We can’t stop anything.

We can’t make enough of a difference.

It’s pointless.

The death of Ahrmret was the end of the occupation of Nitashi. The Accord launched missiles from space against the remaining barracks and strongpoints of Shine occupation on the planet, oblivious to collateral damage. Who cares who lives and who dies any more, the admirals said, so long as this thing ends. Not us. Not the people back home.

The Shine fought harder on Nitashi than it did on its own world. The soldiers there were used to death, had forgotten that there was any alternative. The Accord did what it had always done: it armed the Yeh’haim, and let them take the responsibility for slaughter upon themselves.

And I flew across the dark.

First I Piloted for Rencki, bringing supplies to the orbital blockade of Tu-mdo.

It was the first time I had been back to my home planet for…

… I couldn’t remember how long.

I looked down from orbit, and it seemed ordinary, patches of light and seas of dark, an anticlimax after all this time.

I did not land on the planet’s surface.

Instead, we listened, as the world ripped itself to pieces. Unionists rebelled against Management, Management sent in Corpsec, Corpsec turned on Corpsec, Venture on Venture. Some cities declared independence – started their own Ventures or their own Collectives or whatever the latest fashion was in the crazed raging that was a world breaking apart. There were rumours of massacres, of course.

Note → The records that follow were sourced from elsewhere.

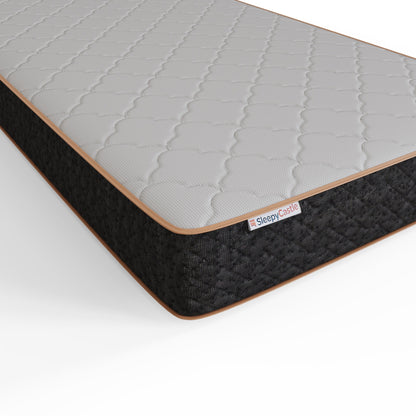 SleepyCastle Single Mattress Polyester White 3 x 6ft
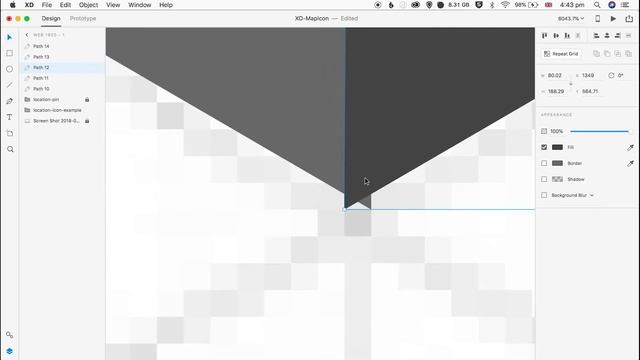 Adobe XD Tutorial | Location icon смотреть онлайн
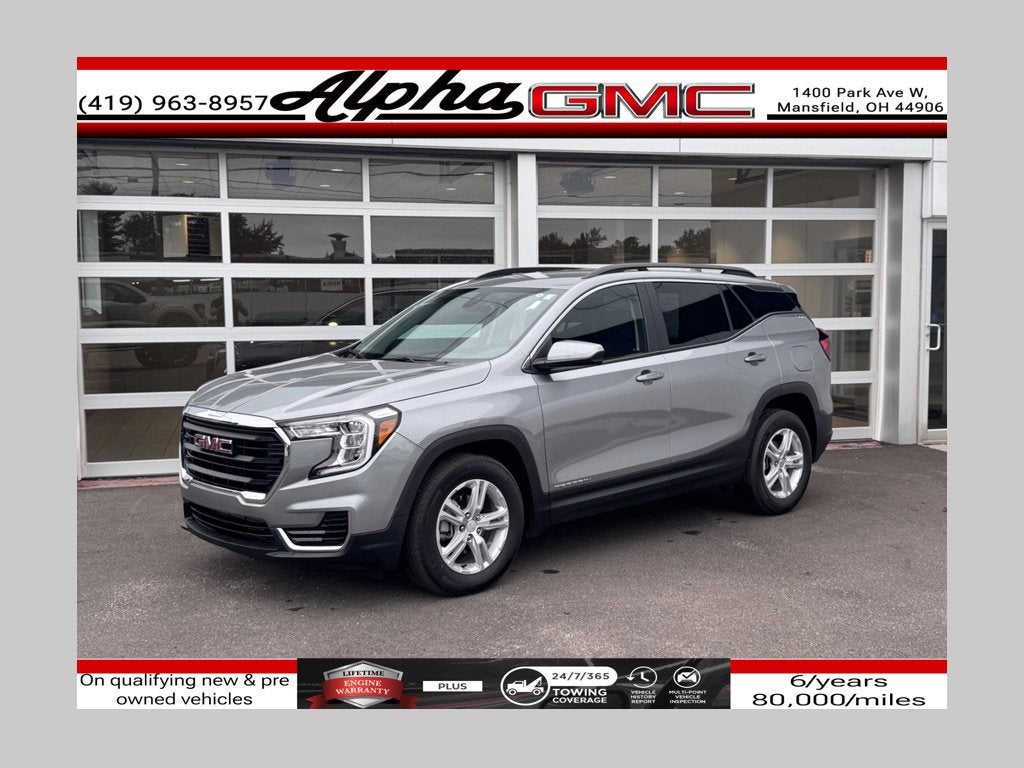 2024 GMC Terrain SLE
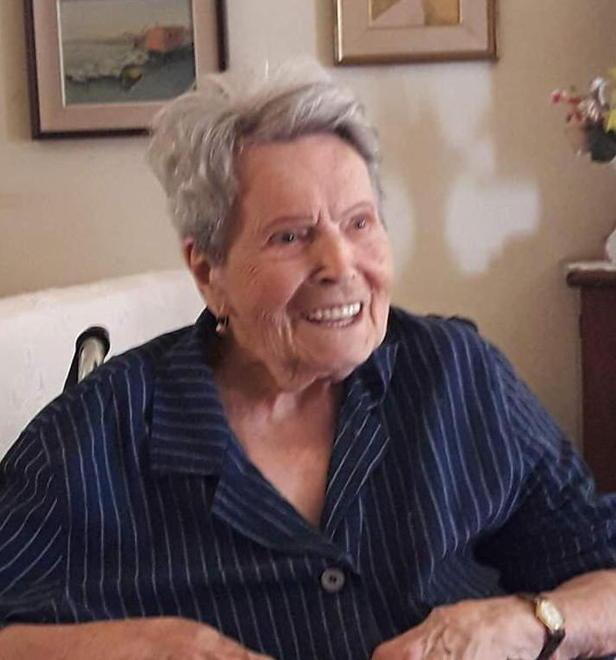 Addio a Rosa, la scarlinese più longeva 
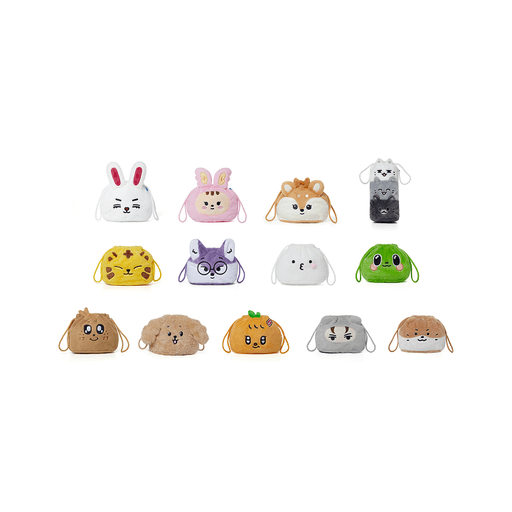 ウジ　SEVENTEEN MINITEEN POUCH ポーチ SEVENTEEN MINITEEN OFFICIAL MD - 03. COIN POUCH – SubK Shop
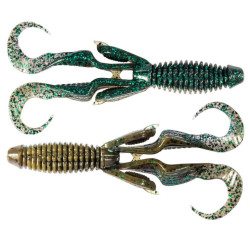 Z-Man Gremlin Twin Curly Tail Creature Bait | Bass, Carp & Camping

Civilians thrown into mass graves.

Bombs dropped and cities burning.

And still the Accord did nothing.

I transferred to a smaller ship, a courier vessel flitting between a dozen blockades and battle sites with cargos of encrypted data and senior officers who gave no name.

That way, I could be in the darkness more, in the quiet place, in the still place that felt like home, not having to think, not having to engage.

On one jump out to Ber-mdo we were intercepted by a scraggly remnant of a Shine patrol, swinging out from the craters of a blackened moon. Our little courier ship was lightly armed; I told the captain that, if she wanted, I could make our attackers die.

“I suppose we should,” she sighed. “I suppose it’s our duty.”

Threading through the dark, in and out of arcspace faster than a computer can track, precise and neat and ordered, jump-and-fire, jump-and-fire, until our enemies are dead.